It’s clear that GM Ron Hextall wants to get younger. By getting Nolan Patrick at second overall and making the Schenn trade to take Frost, who’s another center, he is doing that. The Flyers remain in the market for a number one goalie. Steve Mason is a UFA with Michal Neuvirth signed two more years. Is Anthony Stolarz the answer?
The Flyers drafted nine players including the younger brother of Ryan and Dylan Strome, Matthew Strome in the fourth round. A potential steal at 106. They definitely are reloading for the future. With Travis Konecny, Ivan Provorov and Shayne Gostisbehere already in place, Philadelphia looks to have a bright future. Expect more moves from Hextall.
In case you’re wondering, the final pick was made by the two-time Stanley Cup champion Penguins. With the 217th pick in the seventh round, they took defenseman William Reilly. Who knows? Maybe he’ll be the answer to a trivia question someday. Every pick counts.

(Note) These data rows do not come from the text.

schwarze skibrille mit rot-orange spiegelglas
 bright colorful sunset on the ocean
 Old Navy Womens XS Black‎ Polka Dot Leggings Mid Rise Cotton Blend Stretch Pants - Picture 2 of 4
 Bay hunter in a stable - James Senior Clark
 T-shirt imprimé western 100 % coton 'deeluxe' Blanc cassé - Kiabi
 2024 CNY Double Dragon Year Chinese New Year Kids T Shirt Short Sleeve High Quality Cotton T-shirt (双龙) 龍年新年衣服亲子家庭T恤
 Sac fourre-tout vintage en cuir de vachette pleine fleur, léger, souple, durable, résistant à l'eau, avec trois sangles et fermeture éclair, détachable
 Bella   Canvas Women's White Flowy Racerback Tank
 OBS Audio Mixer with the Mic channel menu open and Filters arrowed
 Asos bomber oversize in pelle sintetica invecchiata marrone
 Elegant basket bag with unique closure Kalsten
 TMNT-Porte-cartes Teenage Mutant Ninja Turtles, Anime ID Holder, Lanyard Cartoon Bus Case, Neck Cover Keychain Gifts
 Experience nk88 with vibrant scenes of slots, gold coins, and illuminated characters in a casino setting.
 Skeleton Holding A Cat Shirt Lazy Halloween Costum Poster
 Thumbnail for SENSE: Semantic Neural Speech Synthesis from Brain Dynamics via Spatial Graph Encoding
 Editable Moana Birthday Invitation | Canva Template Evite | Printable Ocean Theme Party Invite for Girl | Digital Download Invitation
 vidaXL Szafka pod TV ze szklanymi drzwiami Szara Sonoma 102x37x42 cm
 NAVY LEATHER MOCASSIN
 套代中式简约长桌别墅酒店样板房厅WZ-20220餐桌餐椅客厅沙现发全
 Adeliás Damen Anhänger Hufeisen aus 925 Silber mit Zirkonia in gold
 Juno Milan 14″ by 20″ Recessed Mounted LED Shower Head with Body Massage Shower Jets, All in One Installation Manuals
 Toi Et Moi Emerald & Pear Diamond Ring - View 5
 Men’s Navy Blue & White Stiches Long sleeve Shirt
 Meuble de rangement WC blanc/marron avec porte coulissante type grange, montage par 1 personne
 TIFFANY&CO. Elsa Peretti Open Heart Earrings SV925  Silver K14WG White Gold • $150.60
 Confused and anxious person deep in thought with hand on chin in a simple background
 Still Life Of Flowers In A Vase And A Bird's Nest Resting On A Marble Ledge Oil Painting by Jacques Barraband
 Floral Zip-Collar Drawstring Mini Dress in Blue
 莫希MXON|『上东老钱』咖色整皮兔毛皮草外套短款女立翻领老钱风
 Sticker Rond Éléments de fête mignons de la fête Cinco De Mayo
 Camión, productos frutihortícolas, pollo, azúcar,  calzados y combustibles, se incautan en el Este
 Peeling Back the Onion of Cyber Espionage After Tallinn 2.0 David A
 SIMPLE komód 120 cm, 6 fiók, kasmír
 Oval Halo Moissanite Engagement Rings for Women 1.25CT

With another NHL Draft in the books, it should be a very intriguing off-season. Especially with the Vegas Golden Knights now the 31st team and 15th out West. Figure them to make some more noise. It’s definitely exciting. Even if I’ve never been big on expansion, the idea of having a team in Las Vegas is cool. We’ll see how it goes. You can only wish the best for Marc-Andre Fleury, who’s as good as it gets in terms of his easy going personality. He said his goodbyes to Sidney Crosby and Carl Hagelin at the NHL Awards.
I think this is going to be an extraordinary summer. Even though there aren’t many big names to be had, I see more movement coming. I don’t believe the Rangers are done. The same for the Islanders. But it looks like Colorado GM Joe Sakic’s asking price for Matt Duchene is too much. He might just wind up staying with the confusing Avalanche. It’s hard to believe how far they’ve fallen from the glory days of two Cups with Sakic headlining it with Patrick Roy and Peter Forsberg, They look like they’re going to be extremely bad again. Only time shall tell.
The Habs are still trying to make a decision on center Alex Galchenyuk. They can either re-sign him for big money or trade him. Anything is possible. Will the Wild move one of Marco Scandella or Jonas Brodin?
So many questions must still be answered including whether or not the Rangers will give in on the estimated $23 million in cap space created once Kevin Klein retires. Are they going to go seven years on top right defenseman Kevin Shattenkirk? Or is that just another big mistake in terms and hurting them over the long haul. They definitely should bring back Brendan Smith. But filling out that other spot is essential.
I’ll have plenty more to say in future posts. It all heats up on July 1.